Es scheint, als seien Pommes frites überall und zu allen Stunden da. Manch einer macht sich ein Spiel daraus, die zahllosen Aushänge zu zählen, die sie so unermüdlich wie unnötig feilbieten.
In dieser Allianz aus Kartoffeln und Frittierfett mischen sich zuweilen Rosmarin, hie und da noch andere Kräuter. Hierin liegt wohl der Unterschied zwischen ihrer einfachen, robust aufdringlichen und der leichtfüßigeren, qualitativ gehobeneren Version, die mitunter auch die vertraute Form verlässt und sich in den vermeintlich edleren Mantel keilförmiger Mondviertel kleidet.
Doch so oder so: Pommes frites sind das Salz und die Währung des Sommers, mit der sich Eltern Ruhe und Frieden, Teenager sündige Freiheit, Autofahrer Energie für weitere Stunden am Steuer erkaufen und Camper die magere Urlaubskasse schonen, die Raststätten, Kiosken und Hotels mit geringem Aufwand und ohne jedes Risiko zu einem spielend erwirtschafteten und reichlichen Einkommen verhilft. Sie sind das, was für Käufer und Verkäufer gleichermaßen immer geht.
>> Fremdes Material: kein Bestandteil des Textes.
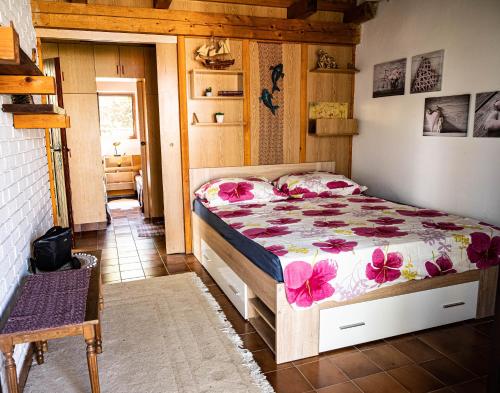 a bedroom with a bed with pink flowers on it at Hidden Gem of Krasici in Radovići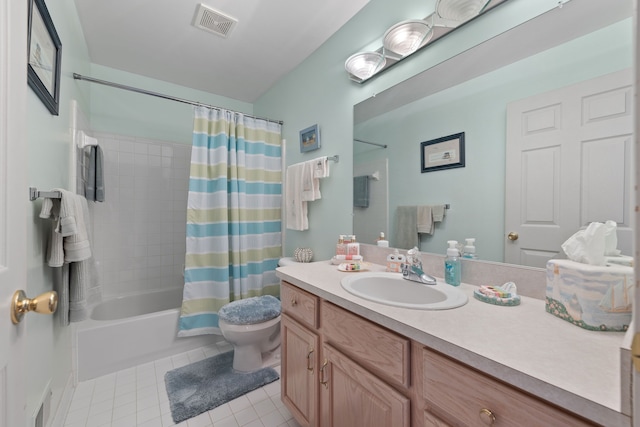 full bathroom featuring vanity, shower / tub combo with curtain, tile patterned floors, and toilet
Und bei alledem sind sie mehr als eine ungesunde und vernunftferne Ernährungsoption, mehr als eine Notlösung. Sie versinnbildlichen geradezu, was den Sommer ausmacht. Mit ihrer handfesten Unkompliziertheit, der permanenten Präsenz ihres penetranten Geruchs, ihrer goldenen Farbe, ihrer besteckfreien Verspieltheit schaffen sie an Orten des Sommers selbst für diejenigen, die sie nicht verzehren, bleibende Erinnerungen, die für immer das ungetrübte Glück eines strahlend blauen Himmels, eine würzige Landschaft, das Salz auf der Haut in sich einschließen. Pommes frites sind an Orten des Sommers das Selbstverständliche, Verbindende, Universale.
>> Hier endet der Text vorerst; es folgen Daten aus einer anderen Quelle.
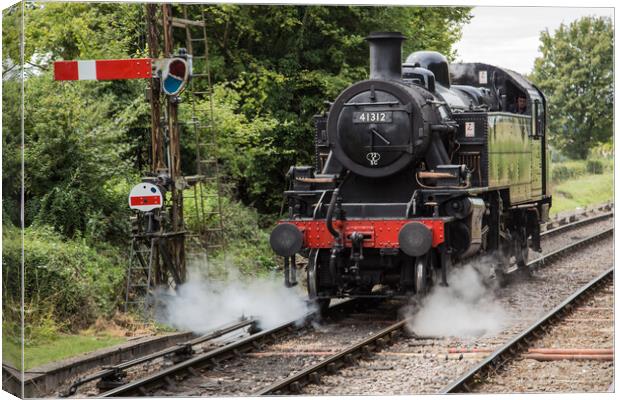 Steam train locomotive travelling Canvas Print by Brigitte Whiteing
Ihr Geruch, der die Hitze zu umhüllen scheint, kommt mit den Touristen und verschwindet mit ihnen wieder. Mancherorts wirkt seine übergriffige Gegenwart wie eine Heimsuchung, die mit dem Einläuten des Herbstes endlich von dannen zieht. Er verabschiedet sich erst wirklich, wenn die fremden Sprachen die Stadt verlassen haben. Doch letztlich gehört er hierher und dazu und kommt deshalb im nächsten Jahr mit der Zuverlässigkeit der Jahreszeiten wieder. Vielleicht liegt es daran, dass hier, an Orten des Sommers, nichts zerredet und bewertet werden muss, dass hier das Einfache, das Unkomplizierte zu Hause ist.